The referendum petition protested the adoption of Ordinance No. 1507, approved by the board of supervisors of Marin County on April 12, 1966. In 1965 the county had by ordinance rezoned 2,200 acres of land to P-C (planned community) and by resolution of the board had adopted a Master Plan for the development of this community to be known as “Marincello.” Under Marin County Code section 22.44.040 the board and the planning commission were required to approve a precise development plan for any land improvement within the planned community. Ordinance No. 1507 approved a precise development plan for the construction of the Tennessee Valley access road into Marincello. The owners and developers were allowed to intervene as defendants in this proceeding. Their answer alleged that there were an additional 934 signatures on the petition which should not have been allowed by the clerk. During the proceeding they raised the objection that this ordinance related only to administrative duties of the board and was not subject to referendum. The parties by stipulation agreed that, pending determination of the validity of the rejected signatures, the court should not determine whether the ordinance was subject to referendum proceedings or whether some of the allowed signatures contained irregularities which would compel their disallowance.
The transcript indicates that the hearings took several weeks; that witnesses were called and examined; that the court ordered the production of all registration cards and that it examined each of the signatures on the petition together with the corresponding signatures on registration cards; that the legal issues were extensively briefed; and that there were frequent colloquies between court and counsel. In its Memorandum and Minute Order of January 11, 1967, the court stated that it considered the first problem which it must consider in reviewing the clerk’s action was whether he had correctly applied the law; the second problem was the question of identification, i.e., was there sufficient similarity between the signature on the petition and that on the registration card to enable the clerk, acting as a reasonable person, to determine that the signer was the registered voter [453]*453in question. The clerk’s judgment in this area of identification must be respected, the court stated, unless it appeared that the clerk rejected a signature for some fancied dissimilarity and “the Court must not seek to make the identification for him. I believe this to be the approach to be taken in this case regardless of whether the pleadings contain particular semantic formulas relating to alleged fraud or arbitrary or capricious action.”

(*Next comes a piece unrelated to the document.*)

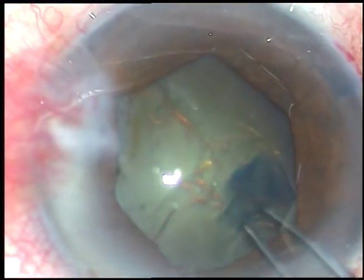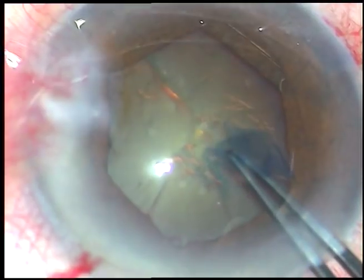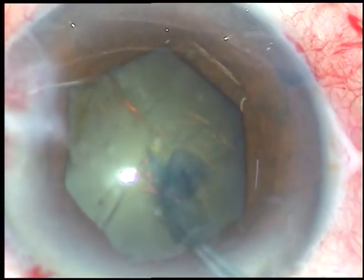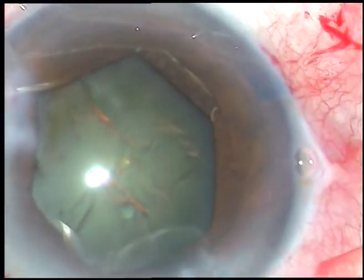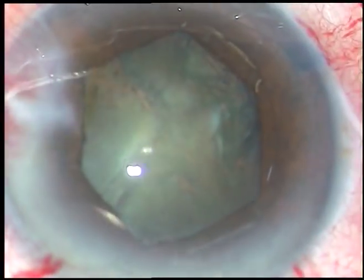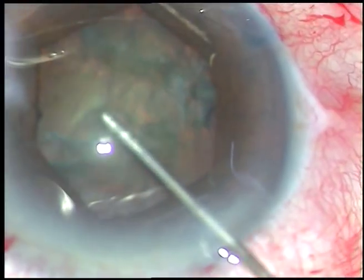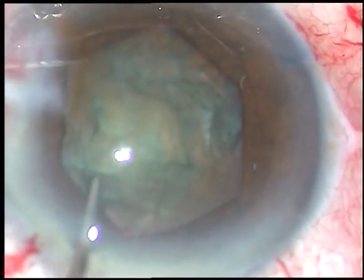By this time the rhexis has been done — this is an edited video. The capsulorhexis is completed. Hydrodissection is done. This is a 27-gauge cannula and BSS is being used to do hydrodissection. The nucleus is mobilized.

The Memorandum Opinion of April 27, 1967, states that the court grouped the disputed signatures into four general categories, a to d. The “c” group contained 94, each of which had been rejected by the clerk initially for reasons which the court found did not constitute a proper basis for disqualification. At the hearing the clerk testified that he nevertheless would have rejected each of these on the ground that a comparison of the handwriting on the petition with that on the registration affidavit left him unsatisfied that the petition was in fact signed by the voter. He testified that in each case he was convinced because of the handwriting dissimilarity that the signature on the petition was not that of the voter in question. The court examined each of these signatures and stated that there were sufficient similarities so that it would be reasonable to conclude that the same person had signed the petition; and that if the court were checking signatures it would resolve such doubt as did exist in favor of the validity of the signature, if it had the power to substitute its judgment for that of the clerk. It determined that it had no such power, unless the similarities were so great or the dissimilarities so minor as to make the clerk’s rejection unreasonable or arbitrary.
The clerk rejected 58 names as duplicates. The Memorandum Opinion indicates that petitioners had testified that they had carefully checked the petition and could not find the claimed duplicates, that the clerk had testified as to the procedures employed by his office to discover duplications, and that it was a question “which side the court believes made the more accurate check.”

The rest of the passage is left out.